I cycled past the Big Hole National Battlefield (1877) but didn't go in as I was two hours ahead of opening time.
The climb from Wisdom to the major pass of the day was 41 km. The first 36 km were very gentle and it was a lovely quiet ride through forested country. The final 5 km were steeper.
Three hours after starting the climb, I reached Chief Joseph Pass (elevation 2,207 m). This was my ninth crossing of the continental divide and I think is my last on this trip. It leaves me on the Pacific side of the watershed, which is where I want to be.
|Sally and Patsy, eastbound|
I had barely started my descent when I saw two women on recumbent bikes coming up the hill towards me. They were Patsy and Sally. I knew about them from Andy's blog and had been looking out for them. They were pleased to have made it up the 11 km ascent without having to walk. (Going uphill is harder on a recumbent than an upright bike.) They are riding the TransAm Trail in annual segments of two weeks. They finish for this year today when they reach Wisdom.

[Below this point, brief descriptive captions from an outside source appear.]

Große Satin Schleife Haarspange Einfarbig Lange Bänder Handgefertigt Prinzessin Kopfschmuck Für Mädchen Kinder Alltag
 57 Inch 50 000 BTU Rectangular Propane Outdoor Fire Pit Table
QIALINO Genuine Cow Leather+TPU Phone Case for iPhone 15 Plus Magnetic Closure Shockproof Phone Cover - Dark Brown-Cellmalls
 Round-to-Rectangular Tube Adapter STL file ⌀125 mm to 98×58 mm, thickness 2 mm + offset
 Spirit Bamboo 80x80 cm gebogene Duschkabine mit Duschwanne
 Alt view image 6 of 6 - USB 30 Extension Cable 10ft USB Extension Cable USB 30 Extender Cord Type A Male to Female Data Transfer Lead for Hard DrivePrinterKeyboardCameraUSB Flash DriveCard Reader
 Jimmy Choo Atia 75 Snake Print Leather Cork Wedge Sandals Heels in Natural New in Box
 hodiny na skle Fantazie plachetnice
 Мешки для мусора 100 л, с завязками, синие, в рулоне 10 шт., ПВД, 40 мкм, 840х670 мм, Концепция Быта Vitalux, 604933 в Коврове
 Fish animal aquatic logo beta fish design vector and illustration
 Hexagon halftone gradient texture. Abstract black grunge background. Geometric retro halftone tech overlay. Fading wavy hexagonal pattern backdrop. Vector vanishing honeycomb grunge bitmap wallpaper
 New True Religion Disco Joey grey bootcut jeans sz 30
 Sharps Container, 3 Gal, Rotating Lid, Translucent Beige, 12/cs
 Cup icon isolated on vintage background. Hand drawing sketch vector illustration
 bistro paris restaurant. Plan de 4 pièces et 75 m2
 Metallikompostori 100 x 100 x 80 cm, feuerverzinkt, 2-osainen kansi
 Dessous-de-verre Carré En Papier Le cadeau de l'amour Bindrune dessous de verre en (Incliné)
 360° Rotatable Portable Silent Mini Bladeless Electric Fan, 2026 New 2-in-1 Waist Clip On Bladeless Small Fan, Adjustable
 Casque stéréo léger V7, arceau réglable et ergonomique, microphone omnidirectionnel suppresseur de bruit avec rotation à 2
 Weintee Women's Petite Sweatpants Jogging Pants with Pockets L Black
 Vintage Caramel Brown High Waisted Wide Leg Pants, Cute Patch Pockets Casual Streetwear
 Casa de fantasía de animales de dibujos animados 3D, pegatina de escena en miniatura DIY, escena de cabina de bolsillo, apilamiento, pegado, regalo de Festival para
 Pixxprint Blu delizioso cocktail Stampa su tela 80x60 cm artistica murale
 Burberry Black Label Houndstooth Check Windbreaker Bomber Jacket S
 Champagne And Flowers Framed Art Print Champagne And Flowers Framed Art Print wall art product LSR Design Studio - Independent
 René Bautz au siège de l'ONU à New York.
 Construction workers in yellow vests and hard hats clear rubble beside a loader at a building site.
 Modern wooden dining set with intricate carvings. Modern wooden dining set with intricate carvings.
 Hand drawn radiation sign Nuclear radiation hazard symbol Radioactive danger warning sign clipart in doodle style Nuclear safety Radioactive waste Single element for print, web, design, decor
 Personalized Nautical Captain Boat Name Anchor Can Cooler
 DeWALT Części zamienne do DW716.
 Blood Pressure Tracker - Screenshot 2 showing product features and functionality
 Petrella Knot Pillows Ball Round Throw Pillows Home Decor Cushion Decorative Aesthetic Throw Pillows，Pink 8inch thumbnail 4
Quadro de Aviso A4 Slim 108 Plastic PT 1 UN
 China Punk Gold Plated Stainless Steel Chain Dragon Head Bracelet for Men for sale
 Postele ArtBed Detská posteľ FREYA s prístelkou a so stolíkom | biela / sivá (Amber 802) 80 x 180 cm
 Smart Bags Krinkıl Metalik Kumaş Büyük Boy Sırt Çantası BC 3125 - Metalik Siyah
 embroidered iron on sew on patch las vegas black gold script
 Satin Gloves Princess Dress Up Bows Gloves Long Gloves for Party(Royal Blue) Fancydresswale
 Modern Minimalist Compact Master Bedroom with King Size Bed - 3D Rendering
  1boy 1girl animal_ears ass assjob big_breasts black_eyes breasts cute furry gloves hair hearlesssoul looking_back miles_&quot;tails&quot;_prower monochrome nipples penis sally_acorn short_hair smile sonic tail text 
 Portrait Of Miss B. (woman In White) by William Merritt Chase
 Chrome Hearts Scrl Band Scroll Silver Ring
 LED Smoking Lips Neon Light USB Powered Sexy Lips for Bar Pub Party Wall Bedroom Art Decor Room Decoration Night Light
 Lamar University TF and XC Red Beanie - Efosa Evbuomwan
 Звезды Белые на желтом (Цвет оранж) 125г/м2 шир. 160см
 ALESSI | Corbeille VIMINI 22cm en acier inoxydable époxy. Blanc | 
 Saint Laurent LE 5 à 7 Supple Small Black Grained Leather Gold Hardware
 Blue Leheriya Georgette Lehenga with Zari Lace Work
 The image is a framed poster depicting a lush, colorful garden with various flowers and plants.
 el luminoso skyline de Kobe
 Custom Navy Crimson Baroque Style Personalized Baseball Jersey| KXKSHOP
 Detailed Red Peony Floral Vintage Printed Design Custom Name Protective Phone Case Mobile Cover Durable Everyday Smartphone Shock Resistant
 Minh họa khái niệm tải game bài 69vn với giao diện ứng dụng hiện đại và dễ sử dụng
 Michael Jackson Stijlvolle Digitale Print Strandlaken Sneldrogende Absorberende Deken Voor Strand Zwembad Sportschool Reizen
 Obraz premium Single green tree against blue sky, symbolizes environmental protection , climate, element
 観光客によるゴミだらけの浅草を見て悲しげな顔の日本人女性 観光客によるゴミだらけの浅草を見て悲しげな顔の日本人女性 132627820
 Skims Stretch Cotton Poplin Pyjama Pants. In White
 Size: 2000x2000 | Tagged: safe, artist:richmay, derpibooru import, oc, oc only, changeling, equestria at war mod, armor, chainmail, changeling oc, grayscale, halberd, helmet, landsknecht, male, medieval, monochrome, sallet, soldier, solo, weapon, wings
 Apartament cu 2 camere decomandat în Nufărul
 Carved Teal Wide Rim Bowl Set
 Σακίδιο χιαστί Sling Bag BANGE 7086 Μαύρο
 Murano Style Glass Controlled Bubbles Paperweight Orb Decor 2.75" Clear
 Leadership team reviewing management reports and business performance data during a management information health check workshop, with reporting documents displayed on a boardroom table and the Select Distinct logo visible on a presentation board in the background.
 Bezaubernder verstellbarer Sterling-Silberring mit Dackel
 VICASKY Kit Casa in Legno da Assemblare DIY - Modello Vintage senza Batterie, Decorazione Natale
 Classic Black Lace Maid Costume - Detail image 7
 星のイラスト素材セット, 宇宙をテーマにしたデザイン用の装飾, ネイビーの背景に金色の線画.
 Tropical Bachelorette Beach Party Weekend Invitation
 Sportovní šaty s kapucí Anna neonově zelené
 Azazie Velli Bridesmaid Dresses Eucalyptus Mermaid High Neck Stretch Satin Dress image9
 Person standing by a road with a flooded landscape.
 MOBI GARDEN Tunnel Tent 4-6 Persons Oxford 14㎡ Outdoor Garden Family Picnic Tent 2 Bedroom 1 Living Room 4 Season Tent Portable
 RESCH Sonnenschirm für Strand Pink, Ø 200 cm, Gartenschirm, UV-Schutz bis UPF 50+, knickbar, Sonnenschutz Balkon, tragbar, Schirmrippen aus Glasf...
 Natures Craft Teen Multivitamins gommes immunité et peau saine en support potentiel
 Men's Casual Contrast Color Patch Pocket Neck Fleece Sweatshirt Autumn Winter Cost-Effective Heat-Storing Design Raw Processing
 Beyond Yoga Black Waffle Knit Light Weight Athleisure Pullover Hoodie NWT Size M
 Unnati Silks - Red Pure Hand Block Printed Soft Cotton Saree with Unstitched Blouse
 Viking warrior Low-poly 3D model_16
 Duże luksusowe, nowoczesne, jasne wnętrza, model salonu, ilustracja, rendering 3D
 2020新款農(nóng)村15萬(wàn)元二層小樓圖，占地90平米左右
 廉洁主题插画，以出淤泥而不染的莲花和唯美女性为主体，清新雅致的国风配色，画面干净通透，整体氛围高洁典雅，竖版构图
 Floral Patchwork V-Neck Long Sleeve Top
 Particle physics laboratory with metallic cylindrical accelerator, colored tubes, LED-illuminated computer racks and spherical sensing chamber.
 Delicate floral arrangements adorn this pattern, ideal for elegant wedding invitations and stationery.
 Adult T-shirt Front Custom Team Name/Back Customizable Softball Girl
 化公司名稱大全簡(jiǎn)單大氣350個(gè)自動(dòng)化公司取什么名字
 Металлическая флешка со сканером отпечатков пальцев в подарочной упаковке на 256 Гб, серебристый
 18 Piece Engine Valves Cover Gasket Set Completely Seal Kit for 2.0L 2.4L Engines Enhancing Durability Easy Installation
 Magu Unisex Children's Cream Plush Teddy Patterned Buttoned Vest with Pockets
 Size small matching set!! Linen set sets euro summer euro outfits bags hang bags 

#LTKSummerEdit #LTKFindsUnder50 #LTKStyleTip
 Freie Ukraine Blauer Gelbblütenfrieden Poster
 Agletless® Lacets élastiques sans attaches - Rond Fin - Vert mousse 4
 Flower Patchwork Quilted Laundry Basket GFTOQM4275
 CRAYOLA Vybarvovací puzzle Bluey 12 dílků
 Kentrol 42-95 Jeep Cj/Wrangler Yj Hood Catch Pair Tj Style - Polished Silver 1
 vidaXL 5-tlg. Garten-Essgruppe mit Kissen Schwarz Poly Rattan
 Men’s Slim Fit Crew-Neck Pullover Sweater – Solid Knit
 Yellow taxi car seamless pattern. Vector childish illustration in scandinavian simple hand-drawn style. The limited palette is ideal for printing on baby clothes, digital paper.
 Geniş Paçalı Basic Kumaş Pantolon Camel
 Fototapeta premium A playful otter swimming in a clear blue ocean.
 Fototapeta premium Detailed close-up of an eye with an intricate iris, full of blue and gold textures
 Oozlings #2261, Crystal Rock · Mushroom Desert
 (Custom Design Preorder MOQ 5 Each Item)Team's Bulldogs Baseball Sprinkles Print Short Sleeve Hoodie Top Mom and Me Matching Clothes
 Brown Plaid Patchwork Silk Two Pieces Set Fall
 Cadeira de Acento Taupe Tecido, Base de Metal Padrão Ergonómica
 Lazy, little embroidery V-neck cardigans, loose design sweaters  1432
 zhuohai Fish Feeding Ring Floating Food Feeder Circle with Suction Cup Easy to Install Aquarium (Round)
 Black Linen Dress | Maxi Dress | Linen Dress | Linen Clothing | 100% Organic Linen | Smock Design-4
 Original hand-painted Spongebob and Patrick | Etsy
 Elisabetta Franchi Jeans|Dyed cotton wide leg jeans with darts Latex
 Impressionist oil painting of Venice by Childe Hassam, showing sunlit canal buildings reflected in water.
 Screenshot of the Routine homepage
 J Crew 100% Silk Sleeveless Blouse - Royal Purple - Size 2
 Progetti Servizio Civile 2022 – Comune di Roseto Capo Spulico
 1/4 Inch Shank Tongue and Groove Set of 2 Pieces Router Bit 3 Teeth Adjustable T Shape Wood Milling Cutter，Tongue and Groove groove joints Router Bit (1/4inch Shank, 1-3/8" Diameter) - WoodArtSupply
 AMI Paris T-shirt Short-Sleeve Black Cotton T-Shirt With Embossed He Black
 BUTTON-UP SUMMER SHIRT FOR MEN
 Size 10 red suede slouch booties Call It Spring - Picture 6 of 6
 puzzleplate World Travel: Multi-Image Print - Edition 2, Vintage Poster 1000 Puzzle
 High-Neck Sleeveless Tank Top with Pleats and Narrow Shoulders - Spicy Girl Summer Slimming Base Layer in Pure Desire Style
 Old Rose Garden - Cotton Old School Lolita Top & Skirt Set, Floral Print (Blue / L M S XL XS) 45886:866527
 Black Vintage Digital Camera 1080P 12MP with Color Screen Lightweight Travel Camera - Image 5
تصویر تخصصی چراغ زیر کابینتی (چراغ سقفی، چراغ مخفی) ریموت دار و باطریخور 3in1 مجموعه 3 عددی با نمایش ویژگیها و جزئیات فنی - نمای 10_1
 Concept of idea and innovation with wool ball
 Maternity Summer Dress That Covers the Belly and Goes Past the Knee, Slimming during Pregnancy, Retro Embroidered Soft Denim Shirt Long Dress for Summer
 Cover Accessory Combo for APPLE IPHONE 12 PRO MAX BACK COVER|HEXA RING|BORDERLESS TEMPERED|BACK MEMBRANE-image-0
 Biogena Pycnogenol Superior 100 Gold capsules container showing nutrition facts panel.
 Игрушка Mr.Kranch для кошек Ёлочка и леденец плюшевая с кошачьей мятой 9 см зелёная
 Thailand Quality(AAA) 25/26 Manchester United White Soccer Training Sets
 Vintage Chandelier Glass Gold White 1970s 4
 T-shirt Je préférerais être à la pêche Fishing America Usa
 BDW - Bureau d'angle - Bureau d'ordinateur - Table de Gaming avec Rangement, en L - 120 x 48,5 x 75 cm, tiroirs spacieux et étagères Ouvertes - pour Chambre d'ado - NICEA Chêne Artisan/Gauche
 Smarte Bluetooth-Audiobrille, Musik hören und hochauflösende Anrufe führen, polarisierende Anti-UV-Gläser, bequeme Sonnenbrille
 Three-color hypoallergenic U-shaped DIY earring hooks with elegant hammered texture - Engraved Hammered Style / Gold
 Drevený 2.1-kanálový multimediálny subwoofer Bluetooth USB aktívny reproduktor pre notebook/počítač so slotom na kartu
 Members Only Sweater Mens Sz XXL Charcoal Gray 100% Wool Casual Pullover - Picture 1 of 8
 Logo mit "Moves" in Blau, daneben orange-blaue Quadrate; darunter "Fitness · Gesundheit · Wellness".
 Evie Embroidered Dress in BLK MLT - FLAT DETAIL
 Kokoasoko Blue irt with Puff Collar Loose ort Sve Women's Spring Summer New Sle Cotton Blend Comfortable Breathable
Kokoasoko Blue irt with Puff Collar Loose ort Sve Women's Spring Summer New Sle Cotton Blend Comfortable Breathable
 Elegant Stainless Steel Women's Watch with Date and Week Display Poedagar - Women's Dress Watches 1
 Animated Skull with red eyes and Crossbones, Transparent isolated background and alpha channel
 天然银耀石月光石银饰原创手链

The descent for me on the side they had come up was fantastic. This must surely be the longest and most enjoyable downhill of the whole trip. I had to concentrate, however, as the shoulder was strewn with fist-sized stones that had fallen from the cliff face on my right.
|Amy and Hans from The Netherlands|
At the foot of the hill, I met Dutch cyclists Hans and Amy about to start up it. They are riding from Jasper, AB to Yellowstone. They had some wet weather in Canada.
By this time I was ready for second breakfast and hurried on to Sula where the cafe in the country store has a well-deserved reputation as a good place to stop. I spoke briefly there to cyclist George, on his way to Illinois.
|East Fork of the Bitterroot River|
On this side of the pass I was in another of these scenic valleys, with the long range of the Bitterroot Mountains to my left and the Bitterroot River meandering from side to side of the road I was on.
Trapper Peak (elevation 3,095 m) is the highest mountain in the Bitterroot Range.
Further on I met Jeremy, riding the TransAm west to east as far as the vicinity of Richmond, VA where he will turn north towards Cape Cod. He had a remarkably light load on his bike, although he is carrying a tent, sleeping bag, and cook stove. I envied him for still having ahead of him the great cycling I have enjoyed over the past two months.
I reached Hamilton after a ride of 119 km with a comparatively short and easy day in prospect for tomorrow as I head for Missoula, headquarters of Adventure Cycling.